The loss of 9,000 jobs and a $1 billion charge are being described as the cost of HP's transition to cloud (see all Techmeme coverage). Alas, I fear this is just the downpayment as cloud computing begins an inexorable reshaping of HP into a far more slender behemoth than we know today.
All that HP has really announced is an investment in "fully automated, standardized, state-of-the-art commercial data centers." That is not cloud computing, it's simply the long-overdue application of virtualization and IT automation to the superannuated, legacy data center infrastructure that HP acquired when it bought EDS. As VentureBeat reports, HP previously consolidated 85 separate data centers down to just six. Automation is simply the next step in squeezing out all the inefficiencies and Soviet-era obsolescence that my Enterprise Irregulars colleague Vinnie Mirchandani has often railed against in the big IT outsourcers' infrastructure.

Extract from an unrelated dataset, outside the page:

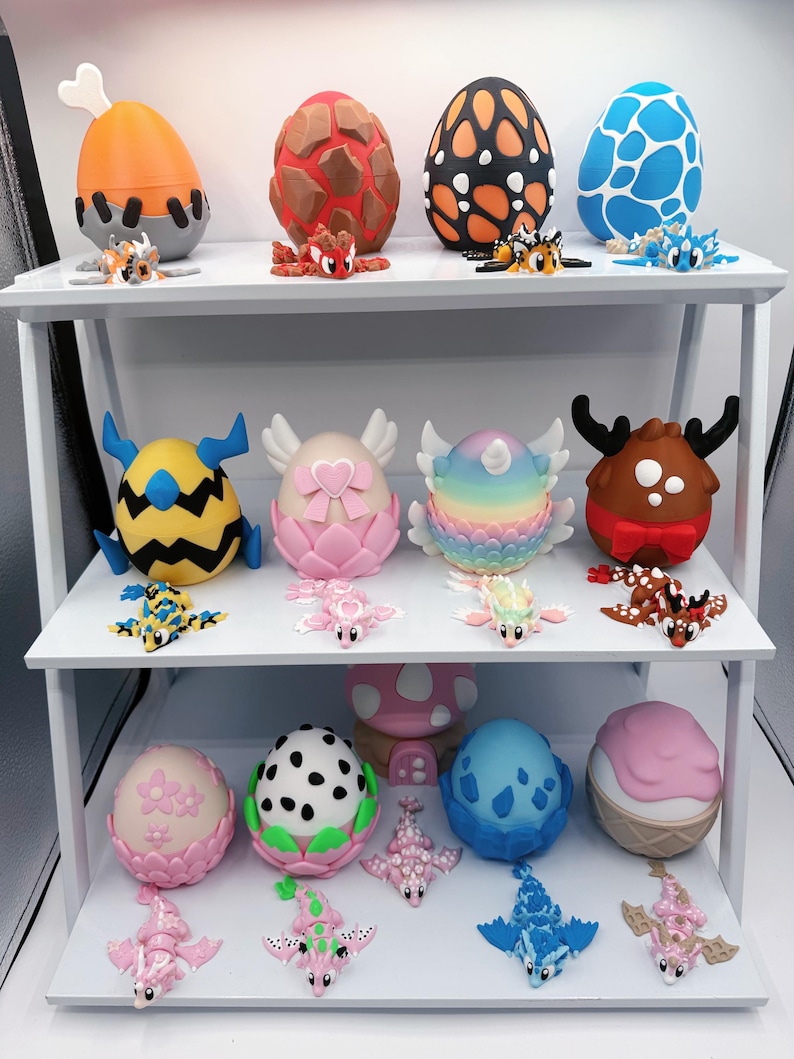 Hatchling Dragon – 3D Printed Articulated Baby Dragons with Fantasy Eggs| Easter Dragon egg image 1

HP claims in its press statement that the move will result in "annualized gross savings of approximately $1 billion and net savings after reinvestment in a range between $500 million and $700 million." The implication is that all those savings will go to HP's bottom line, but the real cost of HP's move to cloud computing will come as it begins to offer its enterprise cloud services under pay-as-you-go, as-a-service contracts. In this hotly competitive market, the commoditization of services running on near identical virtualized software stacks will mean that HP's operational savings won't feed its own cash reserves. Instead, they'll be funneled directly to customers in lower prices.
That's when the cloud will really start to bite into HP's business structure, and if it fails to win enough market share, I fear the job losses and retrenchment it's going to suffer will make a $1bn charge and 9000 jobs look miniscule in comparison.